Translated: Weber, iv. 405; Griffith, i. 15; Bloomfield, JAOS. xiii. p. cxiii ff. (= PAOS. May 1886); AJP. vii. 469 ff.; SBE. xlii. 7, 246.—Bloomfield regards it as addressed to "lightning, conceived as the cause of fever, headache, and cough." See his elaborate comment. Weber made it relate to fever, puerperal or infantile (on account of jarāyujá, 1 a).


1. First born of the afterbirth, the ruddy (usríya) bull, born of wind and cloud (?), goes thundering with rain; may he be merciful to our body, going straight on, breaking; he who, one force, hath stridden out threefold.

The translation implies emendation in b to vātābhrajás or -jā́s, as suggested by 3 c; it is proposed by Weber, and adopted by Bloomfield, being a fairly plausible way of getting out of a decided difficulty. Weber renders, however, "with glowing wind-breath"; R., "with scorching wind" (emending to -bhrajjās). The comm. reads vātavrajās (a couple of SPP's mss., which usually follow him, do the same), and explains it as "going swiftly like the wind," or, alternatively, "having a collection of winds." The 'bull' is to him the sun, and he forces this interpretation through the whole hymn.
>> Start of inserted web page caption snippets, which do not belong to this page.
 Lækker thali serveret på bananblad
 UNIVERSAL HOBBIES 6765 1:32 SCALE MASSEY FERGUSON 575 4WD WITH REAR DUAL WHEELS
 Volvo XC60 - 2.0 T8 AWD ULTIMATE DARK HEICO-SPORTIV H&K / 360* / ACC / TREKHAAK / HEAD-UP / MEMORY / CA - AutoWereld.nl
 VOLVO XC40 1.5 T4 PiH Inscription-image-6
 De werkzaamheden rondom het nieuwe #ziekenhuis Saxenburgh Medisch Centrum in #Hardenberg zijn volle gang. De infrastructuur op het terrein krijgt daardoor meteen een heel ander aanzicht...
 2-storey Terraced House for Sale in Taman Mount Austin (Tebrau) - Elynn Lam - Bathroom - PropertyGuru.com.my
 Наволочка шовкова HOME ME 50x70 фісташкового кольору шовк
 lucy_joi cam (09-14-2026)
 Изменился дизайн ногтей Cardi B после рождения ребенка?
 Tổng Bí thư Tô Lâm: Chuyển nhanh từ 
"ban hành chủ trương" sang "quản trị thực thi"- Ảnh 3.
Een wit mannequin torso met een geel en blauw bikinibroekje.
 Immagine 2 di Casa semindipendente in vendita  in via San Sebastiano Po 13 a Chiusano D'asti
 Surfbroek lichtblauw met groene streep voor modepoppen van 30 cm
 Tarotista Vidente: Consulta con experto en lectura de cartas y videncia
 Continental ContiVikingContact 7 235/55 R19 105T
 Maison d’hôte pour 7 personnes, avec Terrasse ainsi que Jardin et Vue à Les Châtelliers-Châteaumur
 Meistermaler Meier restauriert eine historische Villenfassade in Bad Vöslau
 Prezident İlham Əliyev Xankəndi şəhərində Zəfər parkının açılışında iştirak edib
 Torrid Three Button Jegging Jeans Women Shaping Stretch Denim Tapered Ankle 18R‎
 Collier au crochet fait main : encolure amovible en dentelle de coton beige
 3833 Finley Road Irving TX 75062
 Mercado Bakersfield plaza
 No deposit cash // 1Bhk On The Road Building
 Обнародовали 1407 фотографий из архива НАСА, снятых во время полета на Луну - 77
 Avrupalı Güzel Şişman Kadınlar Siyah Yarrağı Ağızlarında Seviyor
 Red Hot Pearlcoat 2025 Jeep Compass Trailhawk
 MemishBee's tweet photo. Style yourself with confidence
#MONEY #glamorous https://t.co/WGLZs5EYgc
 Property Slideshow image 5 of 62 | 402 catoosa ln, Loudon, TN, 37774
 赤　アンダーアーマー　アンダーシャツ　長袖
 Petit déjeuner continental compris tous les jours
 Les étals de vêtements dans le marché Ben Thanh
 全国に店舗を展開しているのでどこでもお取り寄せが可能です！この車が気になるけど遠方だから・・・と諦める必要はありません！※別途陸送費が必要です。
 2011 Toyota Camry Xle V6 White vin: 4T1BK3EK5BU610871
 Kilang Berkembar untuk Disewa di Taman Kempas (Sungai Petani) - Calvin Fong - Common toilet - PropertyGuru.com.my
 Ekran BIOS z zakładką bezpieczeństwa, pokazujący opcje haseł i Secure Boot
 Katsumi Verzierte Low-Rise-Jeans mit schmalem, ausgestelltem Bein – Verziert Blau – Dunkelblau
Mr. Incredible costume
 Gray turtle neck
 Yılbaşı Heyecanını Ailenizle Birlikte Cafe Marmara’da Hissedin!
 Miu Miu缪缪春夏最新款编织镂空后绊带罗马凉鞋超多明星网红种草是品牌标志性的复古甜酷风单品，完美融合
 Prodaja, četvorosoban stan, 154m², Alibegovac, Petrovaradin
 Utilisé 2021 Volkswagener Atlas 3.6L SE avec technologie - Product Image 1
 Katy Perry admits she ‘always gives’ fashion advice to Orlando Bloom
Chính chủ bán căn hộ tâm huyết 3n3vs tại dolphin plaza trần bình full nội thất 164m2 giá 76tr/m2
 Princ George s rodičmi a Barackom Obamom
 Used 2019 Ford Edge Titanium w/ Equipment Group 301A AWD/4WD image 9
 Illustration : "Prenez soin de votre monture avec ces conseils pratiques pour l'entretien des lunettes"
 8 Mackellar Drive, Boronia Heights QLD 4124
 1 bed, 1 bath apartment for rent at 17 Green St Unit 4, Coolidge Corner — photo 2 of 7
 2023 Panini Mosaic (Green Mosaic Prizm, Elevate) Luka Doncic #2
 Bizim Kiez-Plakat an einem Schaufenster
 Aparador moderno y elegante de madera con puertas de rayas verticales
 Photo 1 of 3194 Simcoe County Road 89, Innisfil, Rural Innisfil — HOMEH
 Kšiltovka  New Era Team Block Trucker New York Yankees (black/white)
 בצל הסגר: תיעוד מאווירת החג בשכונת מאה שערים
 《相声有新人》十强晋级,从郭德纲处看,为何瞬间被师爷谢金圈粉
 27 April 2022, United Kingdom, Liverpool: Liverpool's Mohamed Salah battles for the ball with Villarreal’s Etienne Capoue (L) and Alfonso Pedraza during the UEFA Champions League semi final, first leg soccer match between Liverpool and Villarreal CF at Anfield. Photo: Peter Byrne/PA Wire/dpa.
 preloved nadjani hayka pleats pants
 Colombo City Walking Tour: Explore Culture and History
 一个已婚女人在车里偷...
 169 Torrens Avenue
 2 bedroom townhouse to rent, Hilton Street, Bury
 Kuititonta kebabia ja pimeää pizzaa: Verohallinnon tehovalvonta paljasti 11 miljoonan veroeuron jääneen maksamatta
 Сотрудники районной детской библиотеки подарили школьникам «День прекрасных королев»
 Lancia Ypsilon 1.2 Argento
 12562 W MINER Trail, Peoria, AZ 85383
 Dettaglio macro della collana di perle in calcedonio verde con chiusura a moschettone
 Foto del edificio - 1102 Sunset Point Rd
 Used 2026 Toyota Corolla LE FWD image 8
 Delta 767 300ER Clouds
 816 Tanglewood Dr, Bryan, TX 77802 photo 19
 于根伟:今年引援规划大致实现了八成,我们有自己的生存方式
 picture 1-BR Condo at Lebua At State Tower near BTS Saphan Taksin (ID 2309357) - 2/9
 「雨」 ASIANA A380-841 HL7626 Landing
Neither he nor Kāuç. nor the latter's scholia see anywhere any intimation of lightning; yet this is perhaps most plausibly to be suspected in the obscurities of the expression (so R. also). The first words in a are viewed as signifying 'just escaped from its fœtal envelop (in the cloud).' Ppp. is wholly defaced in the second half-verse; in the first it offers no variants, merely combining -jaṣ prath- in a, and reading -bhraja st- in b. Emendation in d to yásyāí' kam would improve both meter and sense. Tredhā́ in d must be read as three syllables (as in RV.) to make the verse a full jagatī. ⌊At OB. vi. 59 b, vā́ta-dhrajās is suggested—by R.?⌋


2. Thee, lurking (çri) in each limb with burning (çocís), we, paying homage, would worship (vidh) with oblation; we would worship with oblation the hooks, the grapples, [him] who, a seizer, hath seized this man's joints.

Or yás, at beginning of d, is abbreviation for 'when he' or 'with which he.' ⌊Render, rather, 'hath seized his (accentless) joints.' The patient is in plain sight of the exorcist. Emphatic pronoun is therefore needless; so enam vs. 3.⌋ Some of our mss., by a frequent blunder, read in a çiçṛy-. The prolongation of the final of asya in d is noted by the comment to Prāt. iv. 79. Ppp. has a very different (and corrupt) text:...çiçriyāno yo gṛhīta parasya gṛbhīti: an̄ko tam an̄ko haviṣā yajāmi hṛdi çrito manasā yo jajāna. The definition of this verse and the next as triṣṭubh seems to have been lost from the Anukr., which reads simply dvitīyā before antyā 'nuṣṭubh.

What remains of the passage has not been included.